The utils::add_constructors function is a pyRat utility to bind the Log::create constructor method in Python in two ways:

  • using the Log.create() static method

  • using the Log() constructor syntax.

Both ways are identical but the latter enables a more pythonic way of instantiating classes.
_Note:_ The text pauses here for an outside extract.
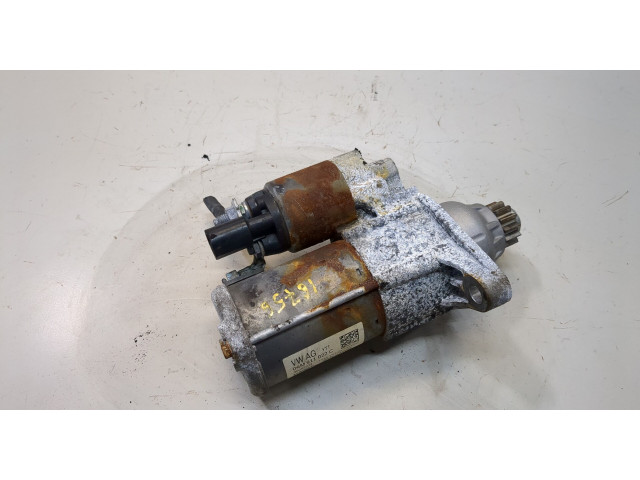 Стартер  Volkswagen Taos 1.5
The Log class can then be added to the common submodule among other classes:

common.cpp example
// Init
void init(py::module_ &m) {

    // Common module doc
    m.doc() = doc::module_doc;

    // Bind Typecast test class
    Typecast::bind(m);

    // Bind Common module items
    Quadrilateral::bind(m); // Elements

    Node::bind(m);
    Log::bind(m);
    Gauss::bind(m);
    Serializer::bind(m);
    FreeCAD::bind(m);
    Opera::bind(m);
    GmshFile::bind(m);

    Extra::bind(m); // Standalone, might use other items as types
}}}

which can itself be added to the rat core module:

rat.cpp example
// Python core module
PYBIND11_MODULE(rat, m) {

    // Module documentation
    m.doc() = pyrat::doc::module_doc;

    // Module metadata
    ...

    // Common submodule
    #ifdef ENABLE_COMMON
    auto common = m.def_submodule(pyrat::cmn::doc::module_name);
    pyrat::cmn::init(common);
    #endif // ENABLE_COMMON

    ...

Each Rat submodule has its own binding of the same name, here common.cpp, which aggregates all bindings defined in other source files, exposing a common submodule which will is later added to the top pyrat.rat submodule in the main pyrat/src/rat.cpp source file.

For instance the Log class should be accessed in Python with the pyrat.rat.cmn.Log dot syntax for members.

Namespaces

pyRat makes use a C++ namespaces to have clean scopes.

The general structure is as follow:

  • pyrat::<module>::<item>::bind for the main bind function,

  • pyrat::<module>::<item>::doc::<name> for the docstring.

For instance:

  • pyrat::cmn::Log::bind for the main bind function,

  • pyrat::cmn::Log::doc::create for the constructors documentation docstring,

  • pyrat::cmn::Log::doc::msg for the msg method documentation docstring,

and many others.

This clarifies where items come from and generalizes imports and usages.